Keep it simple, silly

Tuesday, December 27, 2005


Perfect pair. My friend Helen and the latest addition to her life: Eli.

Congratulations Helen!!

Thursday, December 22, 2005

Expectation is such a sneaky thing. There I was thinking I had few major expectations about what this would be, and yet the most obvious one of all has been staring me in the face while I suffer chronic domestic blindness.

I was the expectation. There I was looking everywhere else for it, and the whole time it was me! The perfect partner; the perfect step-dad; the perfect manager: Mr Incredible! All these things I have never been I somehow expected to be the moment I stepped off the plane, jetlag notwithstanding.

What it is to be a super human being: the entire universe becomes entirely dependent upon you for its survival. All this time it has existed not realising how much it needs you, somehow stumbling through the darkness and surviving – but surely not really living. And now Super Humanbeing is here to make it all right!

No wonder it all seemed so difficult. That truly is quite a responsibility. Exhausting stuff, really.

And so obvious, yet somehow obscure. I noticed it a number of times: something would go ‘wrong’ – a lack of awareness, a ‘mistake’, - and that would set me in an unliftable fog. I knew in my head that it’s not possible to ‘do it wrong’, yet all the evidence was suggesting I had. And naturally, the dominoes would then start falling and the prophecy fulfilled itself. It always does. We get what we ask for, and I was ‘wrong’.

It turns out I can get way down on myself for making a mistake – especially when I’m attempting the Super Humanbeing myth. A mistake! Isn’t that the ultimate opportunity for forgiveness? Isn’t it a good place to cut some slack? Turns out Super Humanbeing doesn’t have much room for compassion: too busy saving the universe to care for it; to love it. Point missed by superhuman proportions.

And now, as I dissolve slowly back into ordinariness, things are starting to get easier. One of those ‘mistakes’ appeared the other day, and before Super Humanbeing could commence punishment, E said, “Don’t let this get you down. Please be forgiving. If you can’t forgive yourself, how can you forgive others?”

Thank you, E. Thank you for reminding me again and again why I’m here.

Saturday, December 10, 2005


Snowed under. It's all new, this. All that white stuff is really quite cold.









Sledgends. And fun!

Friday, December 09, 2005

This is bigger than I imagined. It seems that moving half-way around the world to live with someone you’ve only just met and her two kids in a place where almost everyone is a stranger, is actually a little difficult.

A month has gone by now, and I feel I am starting to ground. I don’t have a choice – the snow and ice have set in and we can’t go anywhere at the moment! Can’t even get the car out of the driveway.

So I settle. A tuning fork tuning in.
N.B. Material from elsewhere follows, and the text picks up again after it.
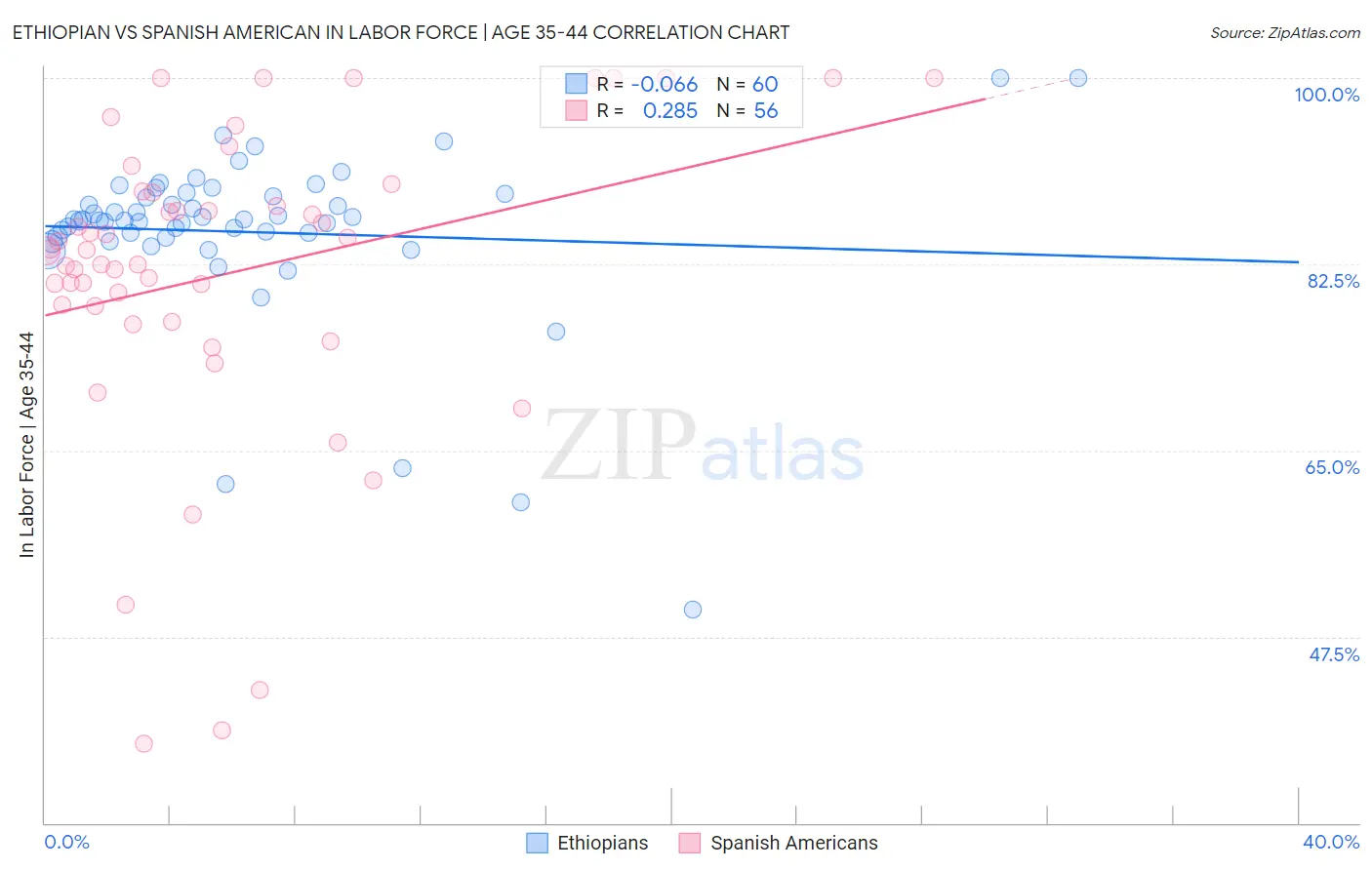 Ethiopian vs Spanish American In Labor Force | Age 35-44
First the wild vibrations from side-to-side and all the noise that entails, and now, slowly, finding my centre. Moving to stillness.

And not before time, either. Poor E has been so patient. My mood has been swinging commensurately with the tuning motion, and E has experienced as much of me as she could want to. All of me, hopefully. All the things that have made this one the one she felt was right for her. It is like watching a sculptor at work, only in reverse: first she saw the ‘finished’ piece, and now she sees its construction. Fascinating; difficult: I have been all this and more.

The work is clearly far from completion. We are art directors previewing a work in progress, painstakingly searching for cracks and blemishes; preparing an extensive list for the artist to consider prior to the exhibition.

And despite the list’s overwhelming length, the artist is quietly confident he can meet his mentors’ expectations. He is used to seeing miracles around him.